In 2026, however, New York City faces challenges — from climate vulnerability to housing instability, from eroding civic trust to social inequality — that require more than street design. We propose something more ambitious: treating the entire public realm as essential “social infrastructure.”
What is social infrastructure? We define it as the physical places that shape our capacity to interact. Think, for instance, of sidewalks, schoolyards, swimming pools, parks, playgrounds, libraries, plazas and recreation centers. These are not mere amenities. Public gathering places, large and small, are critical parts of the city that support human health, social cohesion, mutual aid networks and democratic life. While it might not have been at the center of his campaign, social infrastructure is the key to accomplishing many of Mayor Zohran Mamdani’s goals, from increasing civic engagement to improving affordability and making everyday life more meaningful and fun. Investing in it — by building great new gathering places, as well as fixing up old ones — is one of the most important things the current administration can do.
“Desire lines”
For the past two years, we led a team of social scientists from New York University’s Institute for Public Knowledge and designers from Gehl in a major study of social infrastructure across three distinctive places: Flatbush, the Lower East Side and Poughkeepsie. While New York City benefits from a longstanding network of libraries, parks, recreation centers, streets and community organizations, uneven investment, fragmented management and decades of underfunding have limited its potential. Some neighborhoods, like the Lower East Side, enjoy a dense and connected network of spaces, while others, like Flatbush, face gaps in access, quality, comfort and connectivity. While there is a need to build more spaces, we found real opportunities to strengthen existing networks by building safe and convenient connections between sites, improving indoor facilities to make them more comfortable, expanding programming and adapting popular sites for an age of climate extremes.
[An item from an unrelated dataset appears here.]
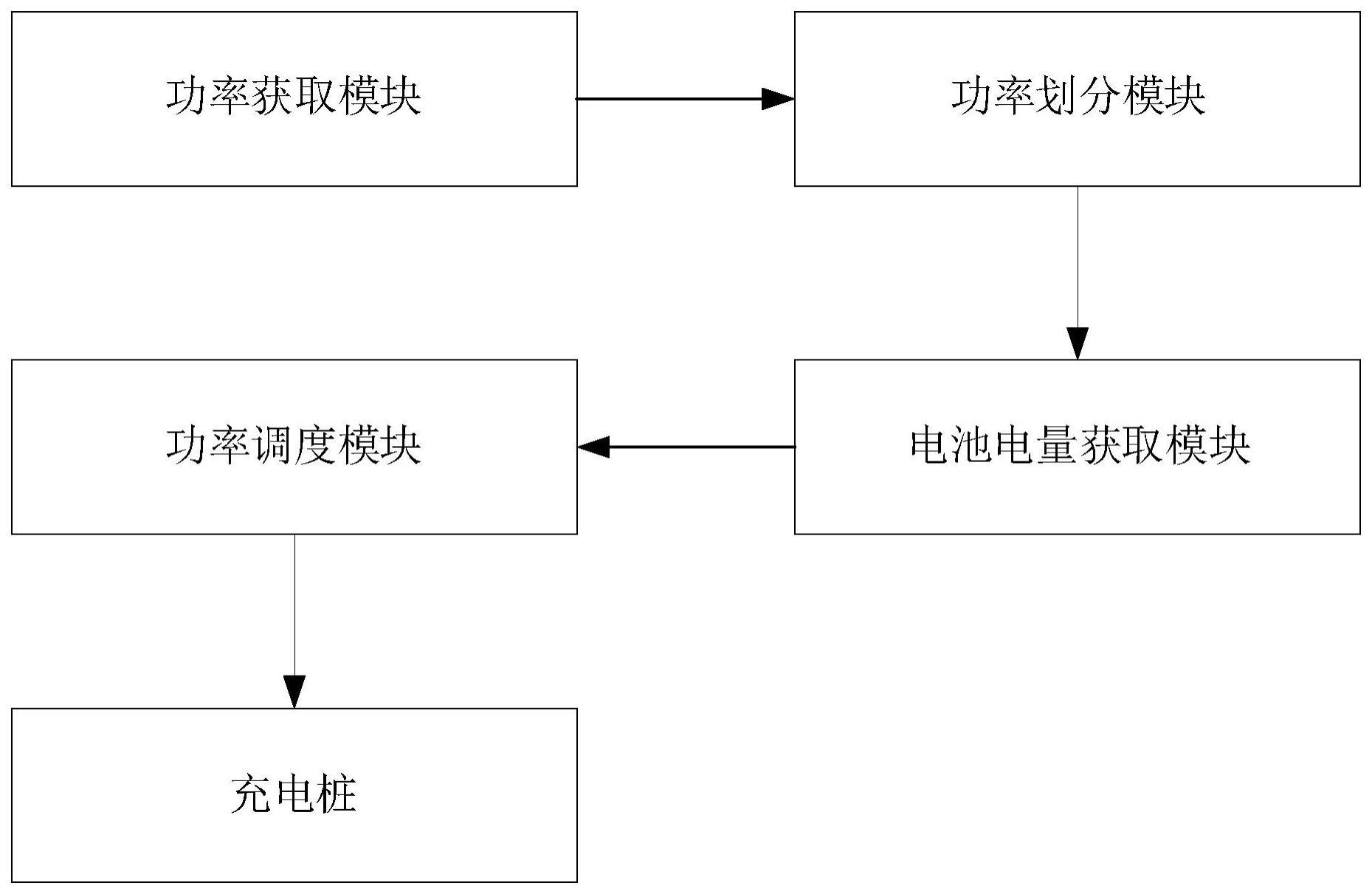 一种充电功率调度装置的制作方法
New Yorkers are already creating social infrastructure where they can. What is often missing is the supporting infrastructure that makes these spaces comfortable, safe and usable. Consider, for instance, how much the City could do to create cooler public gathering places for residents in ecologically exposed areas. In our research, we found that on a typical summer Saturday, along a 1.3-mile stretch of Flatbush Ave, more than 200 people per hour lingered throughout the day, despite no formal seating, limited shade and heavy traffic. One in five people had improvised their own seating, carrying plastic chairs to sidewalks and propping stools in tree beds. On this popular commercial corridor, there is ample room for misting systems, trees and artificial canopies, and places for people to gather and sit.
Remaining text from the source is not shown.